Start of DATA TO USE

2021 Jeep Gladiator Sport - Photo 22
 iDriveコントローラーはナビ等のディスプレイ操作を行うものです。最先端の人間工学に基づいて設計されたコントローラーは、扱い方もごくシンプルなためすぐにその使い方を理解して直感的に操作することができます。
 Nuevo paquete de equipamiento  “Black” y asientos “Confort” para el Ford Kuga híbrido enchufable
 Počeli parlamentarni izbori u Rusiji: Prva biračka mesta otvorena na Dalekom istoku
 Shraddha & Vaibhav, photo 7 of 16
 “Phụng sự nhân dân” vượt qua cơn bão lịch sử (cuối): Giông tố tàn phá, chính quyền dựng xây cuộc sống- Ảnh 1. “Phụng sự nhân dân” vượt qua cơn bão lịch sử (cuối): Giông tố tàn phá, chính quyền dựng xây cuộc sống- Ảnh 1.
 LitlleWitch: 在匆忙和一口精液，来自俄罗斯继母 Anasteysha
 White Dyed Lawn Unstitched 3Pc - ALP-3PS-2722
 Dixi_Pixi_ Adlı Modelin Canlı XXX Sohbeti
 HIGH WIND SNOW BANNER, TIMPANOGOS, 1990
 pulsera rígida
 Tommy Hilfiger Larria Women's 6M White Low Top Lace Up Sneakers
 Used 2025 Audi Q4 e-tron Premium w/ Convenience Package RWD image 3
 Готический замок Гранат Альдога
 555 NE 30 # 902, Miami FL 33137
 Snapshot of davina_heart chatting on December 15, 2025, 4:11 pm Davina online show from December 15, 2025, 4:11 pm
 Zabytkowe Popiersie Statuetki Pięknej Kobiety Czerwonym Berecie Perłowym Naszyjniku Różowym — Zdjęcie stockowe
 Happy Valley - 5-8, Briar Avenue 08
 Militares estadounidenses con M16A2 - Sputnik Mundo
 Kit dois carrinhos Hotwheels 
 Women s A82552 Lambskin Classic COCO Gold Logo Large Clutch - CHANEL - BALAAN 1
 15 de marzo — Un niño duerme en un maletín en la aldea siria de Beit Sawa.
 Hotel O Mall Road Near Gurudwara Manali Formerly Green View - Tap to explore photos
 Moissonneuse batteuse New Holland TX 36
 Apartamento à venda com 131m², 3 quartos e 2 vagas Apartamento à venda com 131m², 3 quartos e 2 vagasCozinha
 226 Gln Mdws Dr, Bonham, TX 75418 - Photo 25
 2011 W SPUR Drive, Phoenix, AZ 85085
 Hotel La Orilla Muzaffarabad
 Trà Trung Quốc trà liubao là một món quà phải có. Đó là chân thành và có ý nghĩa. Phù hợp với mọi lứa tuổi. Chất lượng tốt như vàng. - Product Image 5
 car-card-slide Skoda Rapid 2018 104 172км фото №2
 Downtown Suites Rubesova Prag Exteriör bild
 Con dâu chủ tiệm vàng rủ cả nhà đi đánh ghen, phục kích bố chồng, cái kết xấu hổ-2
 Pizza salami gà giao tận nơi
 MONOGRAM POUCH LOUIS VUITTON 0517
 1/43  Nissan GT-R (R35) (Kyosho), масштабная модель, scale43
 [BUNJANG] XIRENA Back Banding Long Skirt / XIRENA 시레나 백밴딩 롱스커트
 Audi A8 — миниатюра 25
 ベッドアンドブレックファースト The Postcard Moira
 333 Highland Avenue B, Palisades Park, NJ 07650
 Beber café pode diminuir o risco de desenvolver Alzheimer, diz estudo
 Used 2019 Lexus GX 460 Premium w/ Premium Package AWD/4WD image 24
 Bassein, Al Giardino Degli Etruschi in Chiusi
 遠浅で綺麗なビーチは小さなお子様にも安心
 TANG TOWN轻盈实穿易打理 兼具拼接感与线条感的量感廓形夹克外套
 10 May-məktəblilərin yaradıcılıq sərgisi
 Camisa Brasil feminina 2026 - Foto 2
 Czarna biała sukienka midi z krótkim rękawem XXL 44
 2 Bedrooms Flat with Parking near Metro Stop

End of DATA TO USE

WORK TO COMPLETE:
Reproduce the lines above, beginning at the line with "Hotel O Mall" and stopping after the line with "Apartamento à venda com 131m², 3 quartos e 2 vagas Apartamento", exactly as they are.

ANSWER:
 Hotel O Mall Road Near Gurudwara Manali Formerly Green View - Tap to explore photos
 Moissonneuse batteuse New Holland TX 36
 Apartamento à venda com 131m², 3 quartos e 2 vagas Apartamento à venda com 131m², 3 quartos e 2 vagasCozinha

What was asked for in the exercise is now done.